At least 45 people, including 12 children, died as a bus carrying mostly North Macedonian tourists crashed in flames on a highway in western Bulgaria on Tuesday, officials said.
Seven people who leapt from the burning bus were rushed to hospital in Sofia and were in stable conditions, hospital staff said. Bulgaria's interior ministry said 45 people died, one less than the toll given earlier.
The cause of the accident was unclear but the bus appeared to have hit a highway barrier either before or after it caught fire, Bulgarian officials said.
Television footage showed the bus charred and gutted by fire in the middle of the highway.
"We have an enormous tragedy here," Bulgarian interim Prime Minister Stefan Yanev told reporters.
Interior Minister Boyko Rashkov said: "People are clustered inside and are burnt to ash."
"The picture is terrifying, terrifying.
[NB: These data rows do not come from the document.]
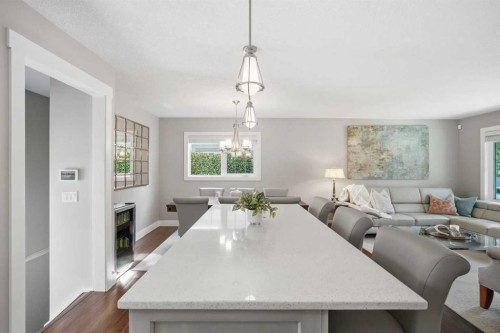 352 86 Avenue Se, Calgary, AB - Indoor Photo Showing Dining Room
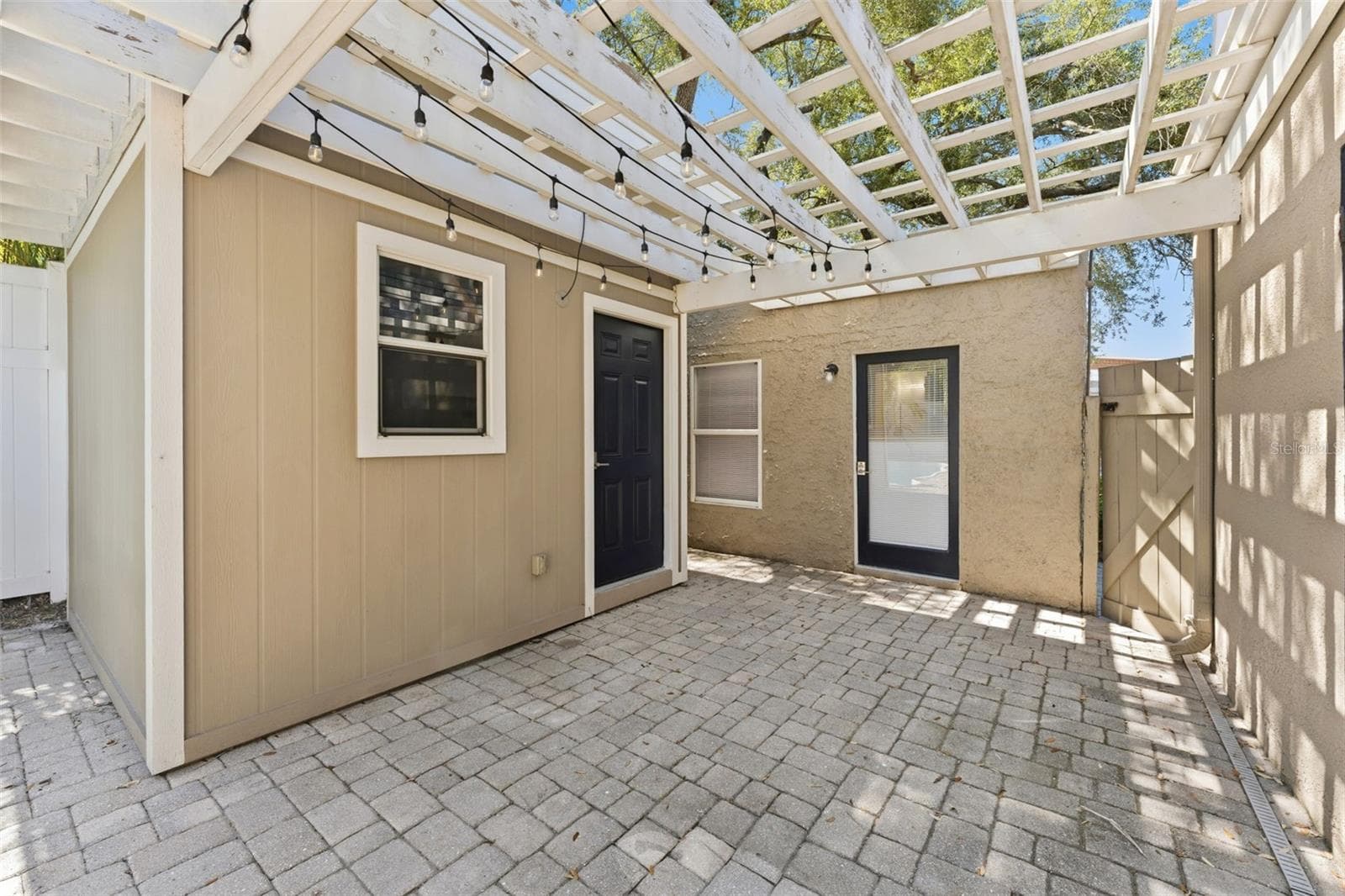 Single Family Residence at 1618 S ARRAWANA AVE, TAMPA, photo 40 of 48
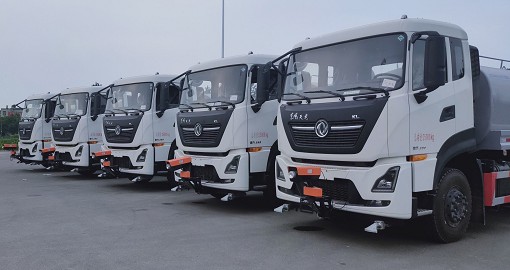 國六東風天龍后雙橋18方灑水車批量發車圖片 國六東風天龍后雙橋18方灑水車批量發車圖片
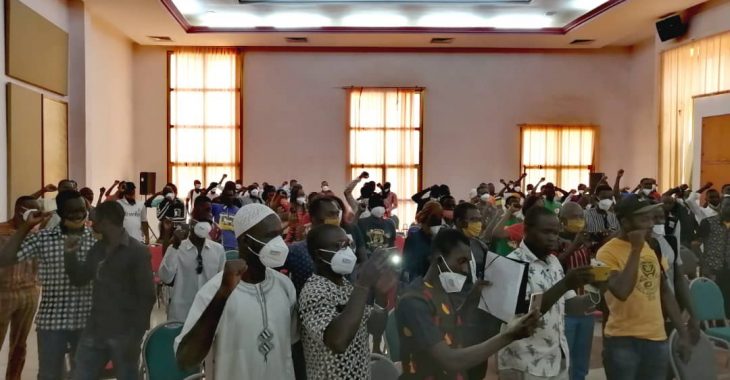 Election présidentielle au Burkina : les candidats ont-ils peur de discuter avec les jeunes ?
I have never seen anything like that before," he told reporters at the site.
Bulgarian investigative service chief Borislav Sarafov said four buses from a North Macedonian travel agency had entered Bulgaria late on Monday from Turkey.
"Human mistake by the driver or a technical malfunction are the two initial versions for the accident," he said.
The accident happened on Struma highway about 45 km west of Sofia around 2:00 am (0000 GMT).
North Macedonian Foreign Minister Bujar Osmani said the coach party was returning to Skopje from a weekend holiday trip to Istanbul.
"I am terrified. This is such a huge tragedy," North Macedonian Prime Minister Zoran Zaev told private television channel BTV.